Restituierung von Büchern langwierig, historisches Erbe NS-Literatur wird untersucht
Wien (PK) – Die Bibliothek des Parlaments beschäftigt sich seit etlichen Jahren mit seinem historischen Erbe. Während des NS-Regimes wurde das Gebäude u. a. als „Gauhaus“ der NSDAP genutzt und entzogene Bücher und NS-affine Literatur der historischen Bibliothek hinzugefügt.

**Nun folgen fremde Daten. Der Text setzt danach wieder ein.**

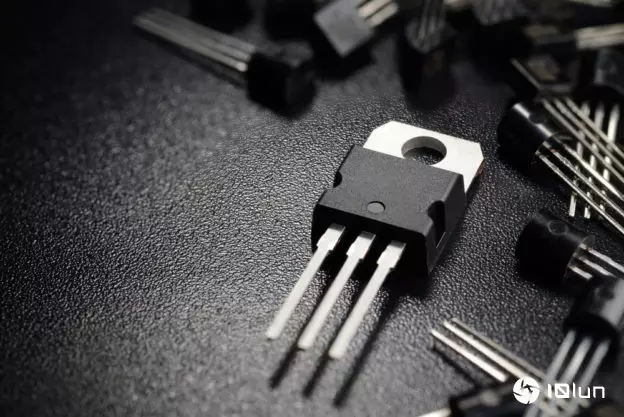 硅功率MOSFET技术突破，导通电阻降2.7倍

Nationalratspräsidentin Barbara Prammer hat im Jahr 2009 ein Projekt zur Provenienzforschung unter Heranziehung eines externen Experten in der Parlamentsbibliothek durchführen lassen. Aufgrund lückenhafter Quellen musste der Bestand der Bibliothek, der insgesamt 340.000 Bücher umfasst, zunächst auf mögliche problematische Bestände eingegrenzt werden. Rund 15.000 Bücher wurden als solche identifiziert.
Die Forschungsarbeiten dauerten aufgrund des hohen Aufwands – die Bücher mussten einzeln untersucht werden – bis zum Juni 2012. Dabei stellte sich heraus, dass es einen Bestand an eindeutig entzogenen Büchern gibt. Diese 37 Bände werden nach der Empfehlung des Kunstrückgabebeirats in Zusammenarbeit und mit Unterstützung des Nationalfonds nach Möglichkeit an die früheren Eigentümer bzw. deren Erben zurückgestellt. Die Umsetzung dieses Schritts wurde eingeleitet, stellt sich aber als komplex und langwierig heraus, sodass bisher kein Buch tatsächlich zurückgestellt werden konnte.
Bei einem weiteren Bestand von 1429 Signaturen kann nicht gänzlich ausgeschlossen werden, dass diese Bücher entzogen wurden. Die Forschung hat jedoch ergeben, dass die Bücher nicht durch aktive Maßnahmen der damaligen Bibliothek in den Bestand kamen, sondern durch die im „Gauhaus“ angesiedelten Abteilungen. Der Nationalfonds hat daher in diesem Fall vorgeschlagen, einen Link zur Bücherliste der Bibliothek auf der Website des Fonds anzubieten. Sollten dadurch weitere Eigentümer der Bücher identifiziert werden können, werden diese in allen möglichen Fällen zurückgestellt.
Bei dem Forschungsprojekt wurde auch ein weiterer Bücherbestand identifiziert, nämlich NS-affine Literatur. Als Sofortmaßnahme wurde zu diesem Bestand ein Entlehnverbot ausgesprochen. Darüber hinaus wurde dieses Forschungsergebnis von der Präsidentin des Nationalrats herangezogen, um mit einem weiteren Forschungsauftrag die Geschichte des Parlaments als „Gauhaus“ aufzuarbeiten. Bertram Perz vom Institut für Zeitgeschichte der Universität Wien wird in einer Pilotstudie zunächst die Quellenlage beleuchten. Die Ergebnisse werden ungefähr in einem Jahr vorliegen.